Provided data:
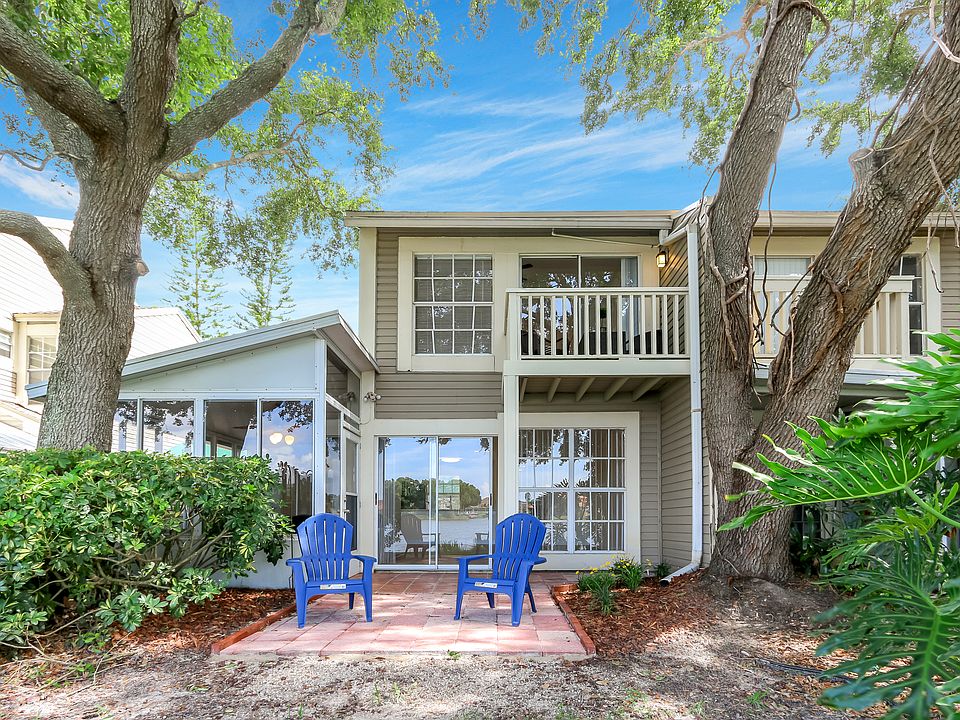 1st image of 6912 Lake Place Ct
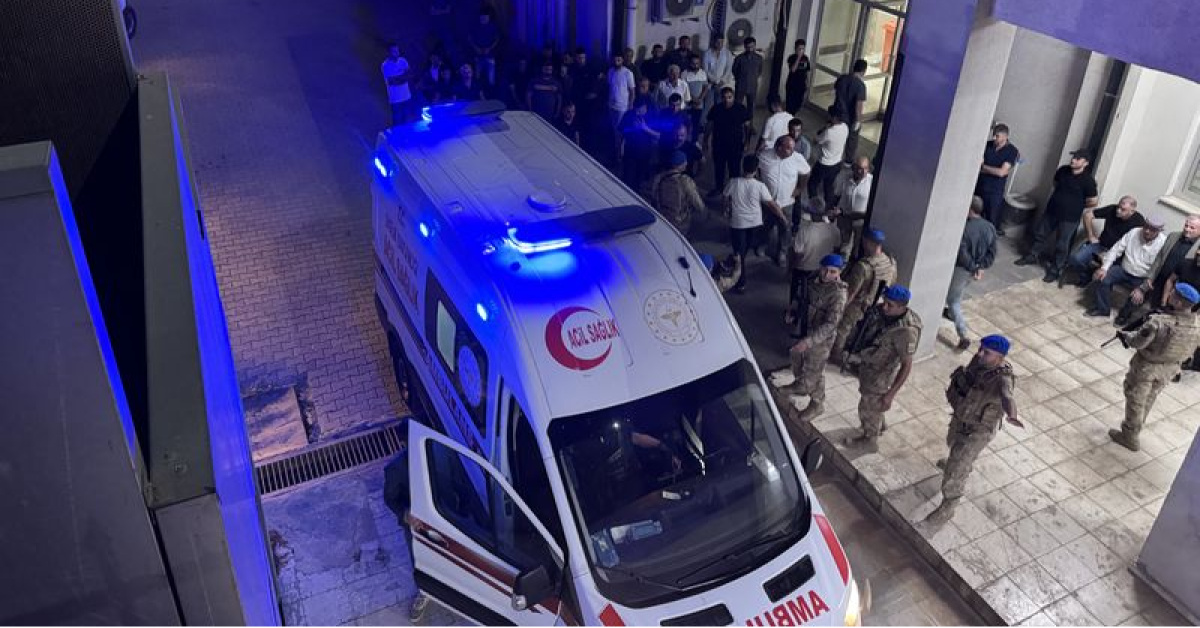 Son Gelişme: Otomobilin çarptığı 2 genç öldü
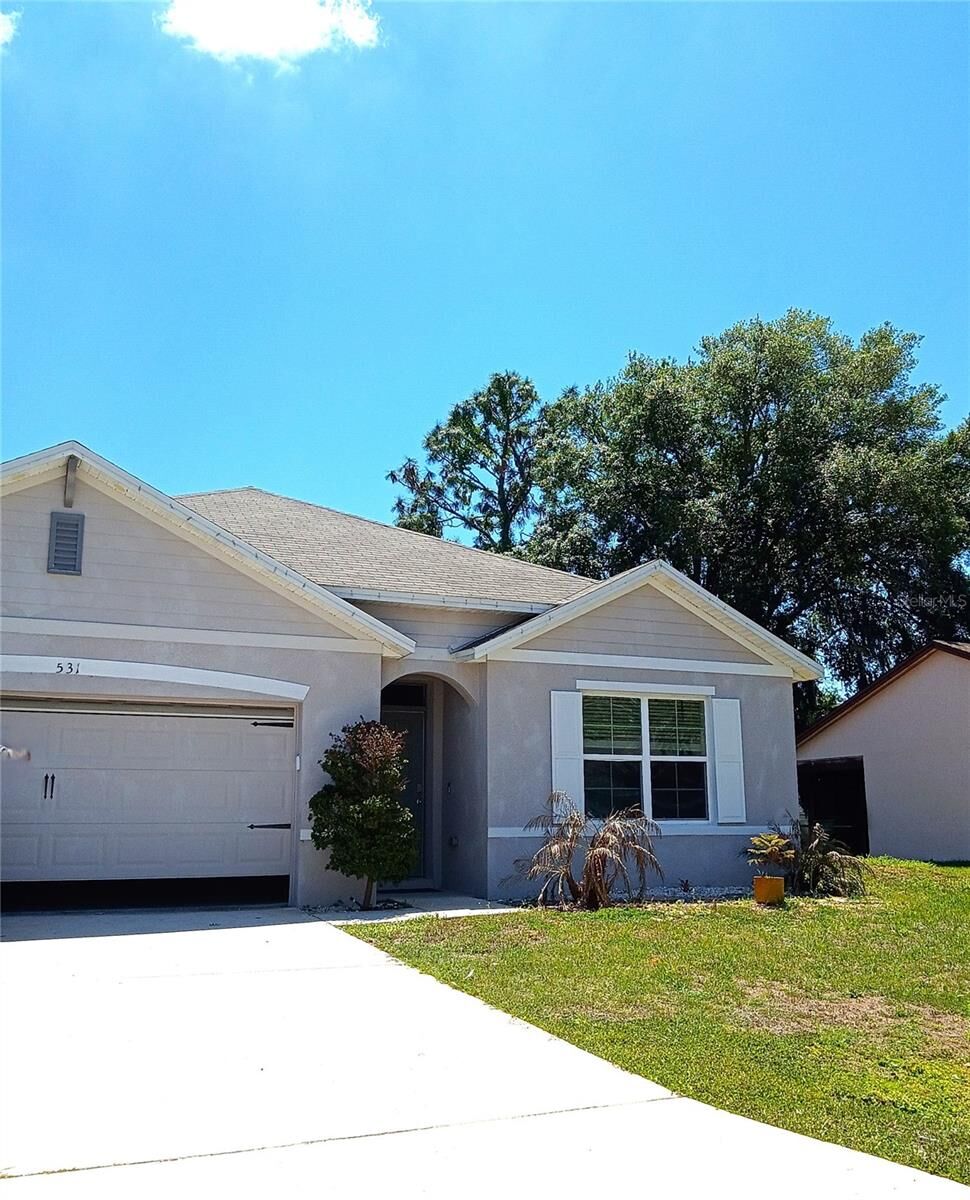 Property Photo:  531 Glade Court  FL 34758 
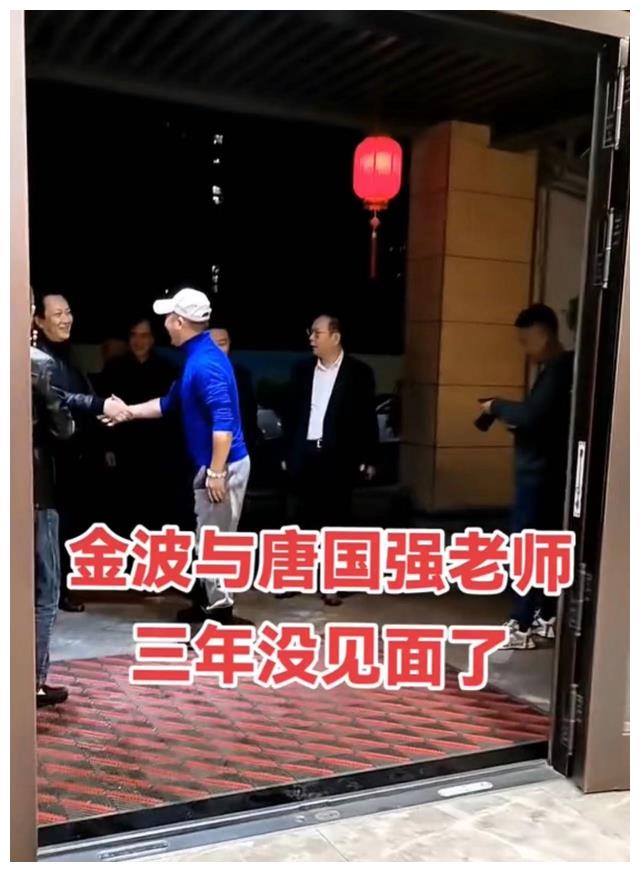 唐国强消瘦腿脚僵硬！与网红握手后反复擦手，被指嫌弃对方引争议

Work item: Skipping all images, print the data above a second time exactly.

Response area:
 1st image of 6912 Lake Place Ct
 Son Gelişme: Otomobilin çarptığı 2 genç öldü
 Property Photo:  531 Glade Court  FL 34758 
 唐国强消瘦腿脚僵硬！与网红握手后反复擦手，被指嫌弃对方引争议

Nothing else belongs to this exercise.